The results can vary, Some inputs transfer really well but others come out warped and distorted. So what can you do to make the most lively animation? The app accepts any picture so in theory I should make my cup of coffee dance. This is fun but the result won’t look realistic.
Notice that the teapot behind it moves along? That's because the model does not know that the teapot is separate from the coffee cup. We can help the model out by making the background as clean as possible. Here I made a little stage for my coffee cup to perform in and now the result is much smoother.
The cup is now nicely swinging to the beat in his little saucer. So the first tip is create a clean background for your Wombo star to perform in. But I wonder if we can do even better?
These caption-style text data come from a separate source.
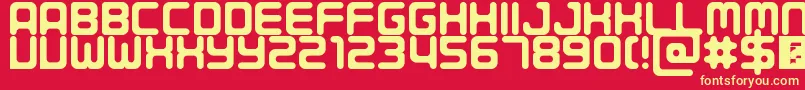 Porque Font – Yellow Fonts on Red Background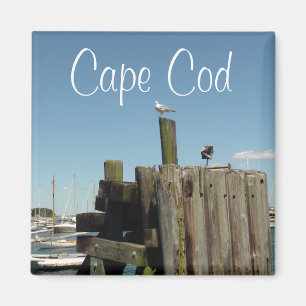 Íman Cabo Cod, Massachusetts Sunset Souvenir Magnet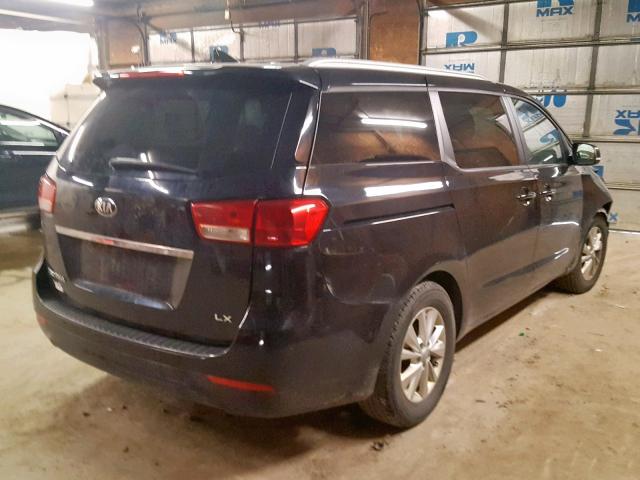 KNDMB5C19F6031492 - 2015 KIA SEDONA LX BLACK photo 4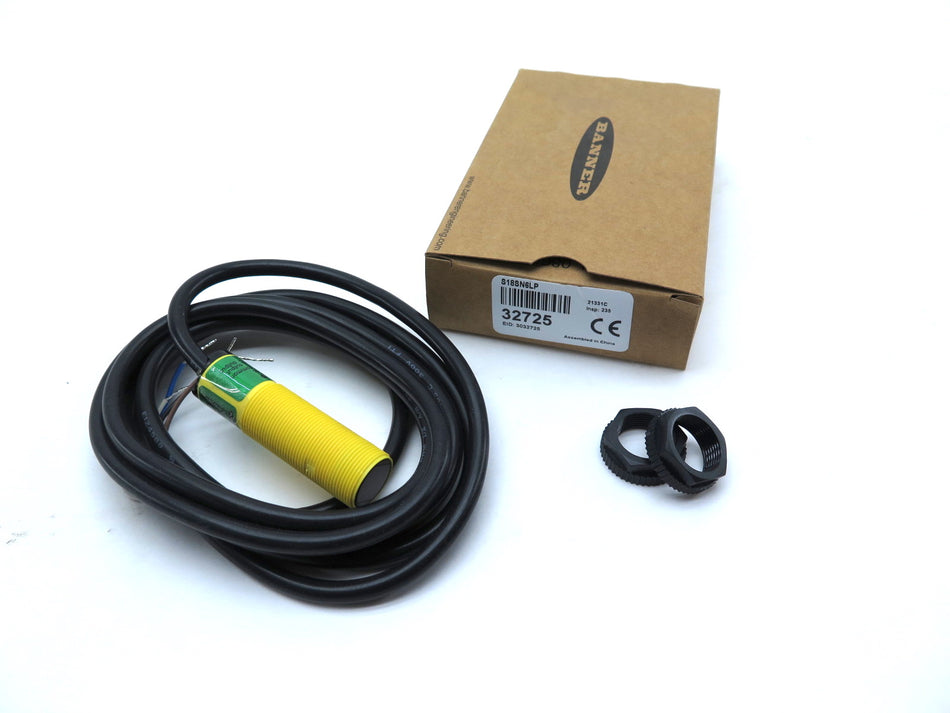 Banner S18SN6LP / 32725 Photoelectric Sensor - Advance Operations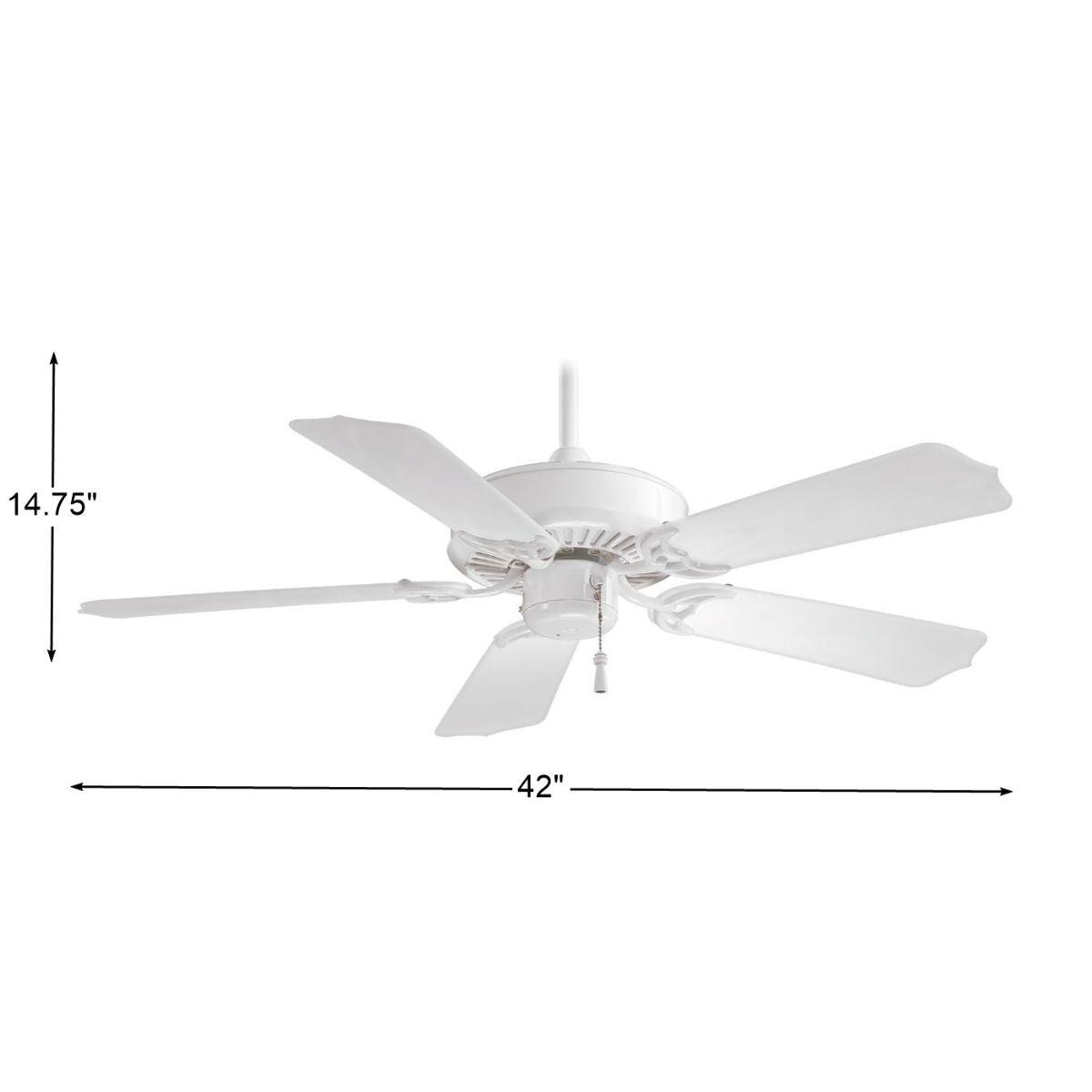Sundance 42 Inch Outdoor Ceiling Fan With Pull Chain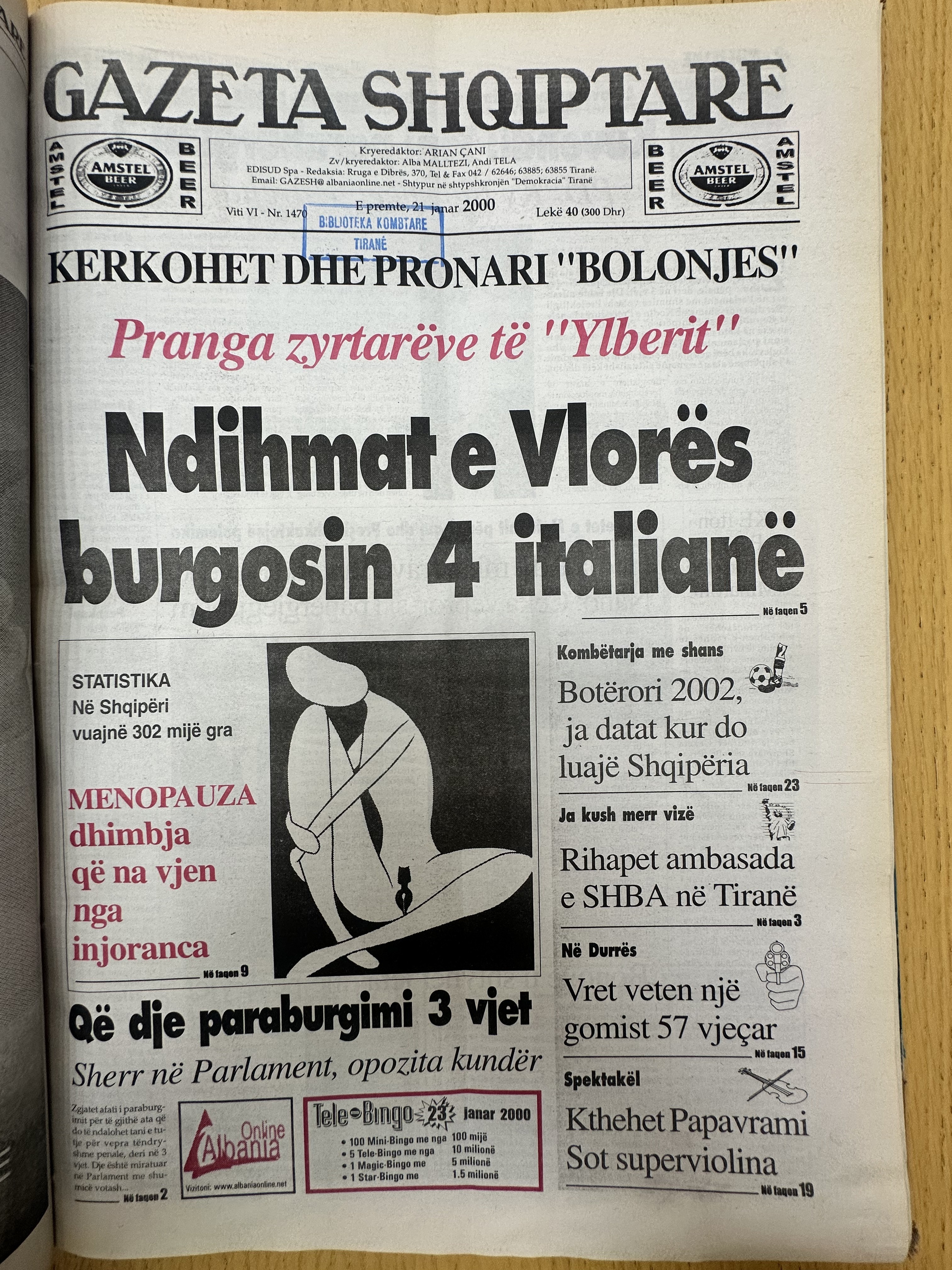 Gazeta Shqiptare 2000-01-21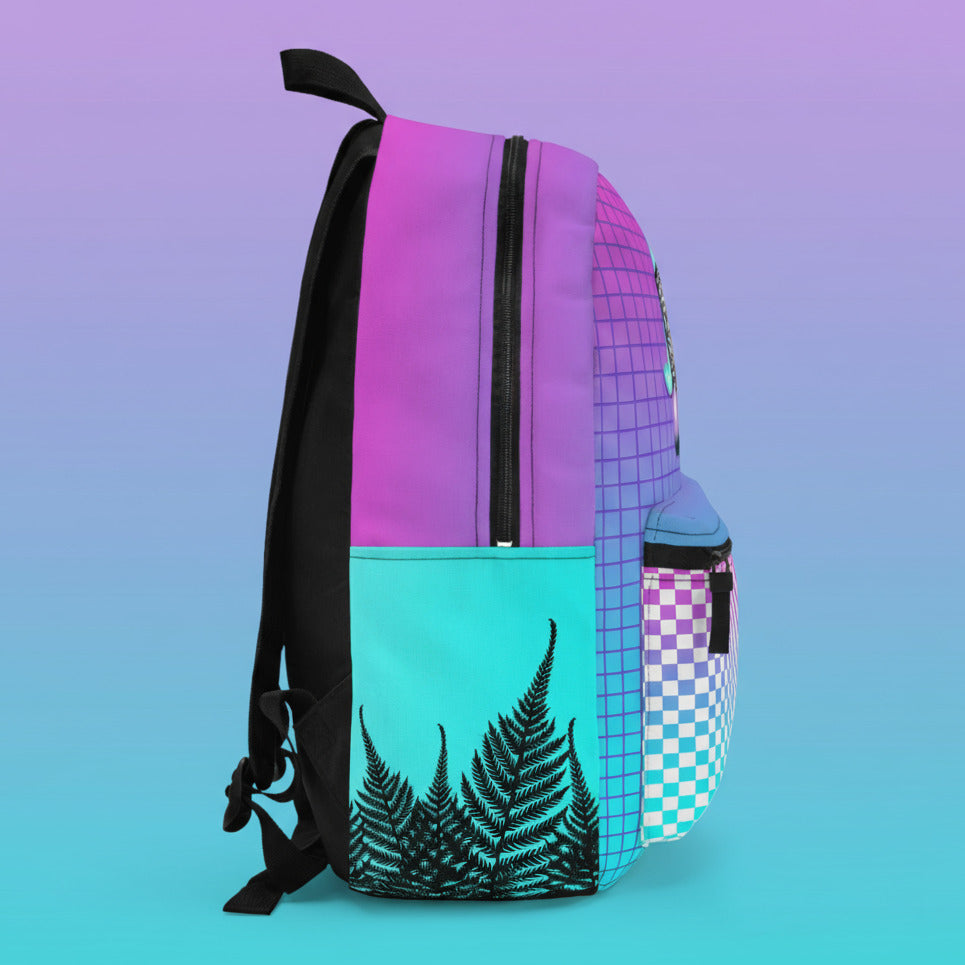 Gummi — Retro Aesthetic Geometric Memphis Style Pastel Vaporwave Backpack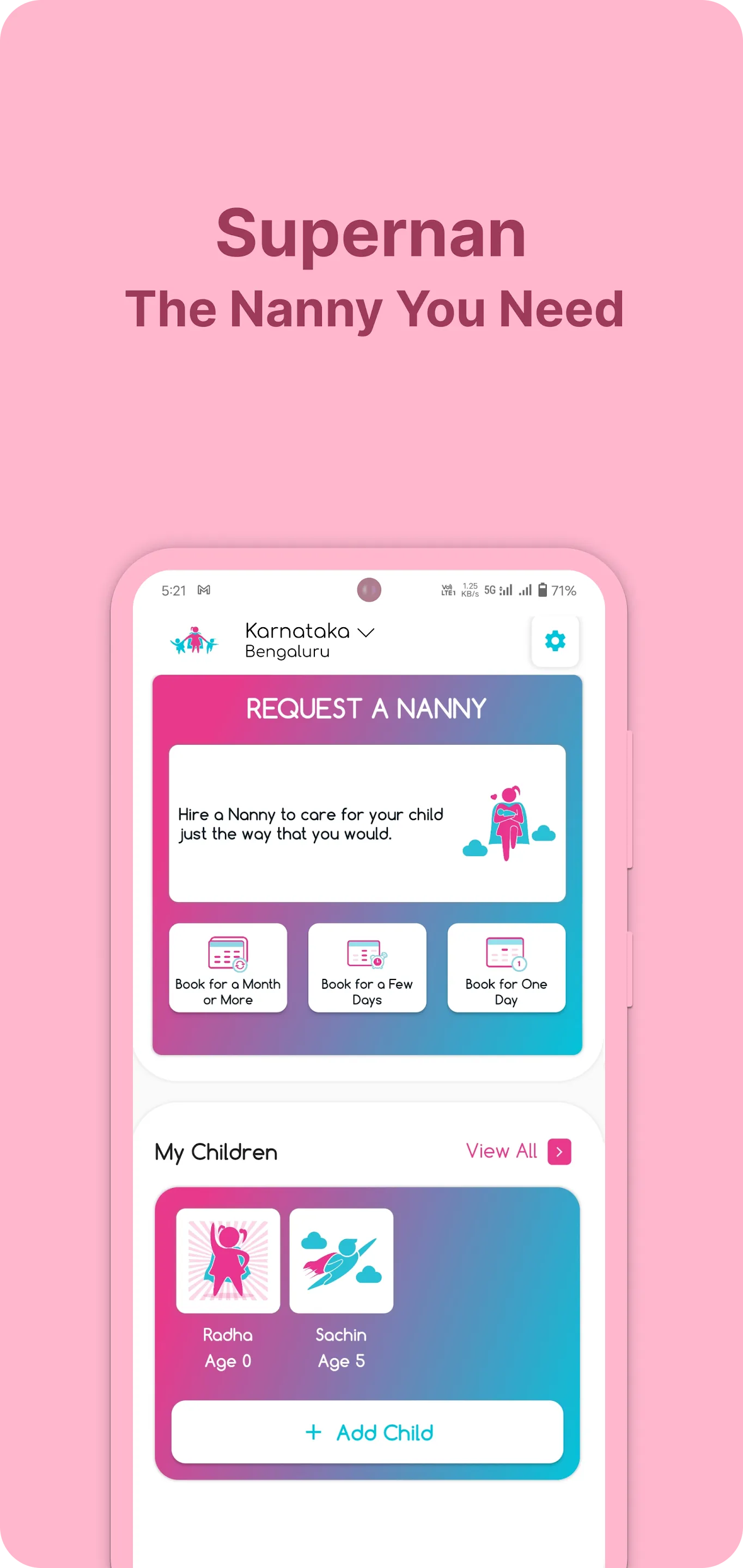 Supernan: The Nanny You Need | Indus Appstore | Screenshot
A second trick is to make the picture and the driving video as similar as possible. Remember that FOMM is a motion transfer model. So somewhere hidden behind the app is a video of a person singing. The motions of that person are being transferred to our picture. If the picture and the video look alike, the results can be amazing. It could mean a big deal if we somehow could make our cup of coffee look similair to the driving video. This is hard to do in Wombo because you don't know what the video is that they are using. But if your video fails to capture the dynamic movements of the artist you can always cheat. When I was experimenting with FOMM it happened a lot that the model would not catch the mouth of my picture, resulting in a horrible distorted jaw movement. But a simple trick you can use is to place the mouth from the video onto the picture. This can help the model to realize where the mouth is.
In the app I selected the song: “tell me you know” by Good Kid. I don't know if they are using a video of Good Kid to drive the movement but we can try using Good Kid's own mouth to make our cup sing. Let's take the mouth of one of the band members and place it on our cup.
In the video we can see some distortions below the mustache. This is probably the motion transfer of the mouth movements. Lets place a mouth there on the cup by using a simple Photoshop tool.
Now he is ready to sing. We generate a new video in the Wombo app using the same song and as a finishing touch, I used Imovie to place the video back in the photo of the stage I created earlier. So now it looks like he's singing on stage.
Now lets see if our cup will finally sing...
Seeing the result I realize that I prefer my coffee without teeth, but it did work!
So the second trick is: if the model doesn’t catch a facial feature, you can replace it or make it more prominent in your input image. And now you know, Wombo is not a lip sync app, it's a motion transfer app and now you know how to make anything, even your coffee dance to any tune.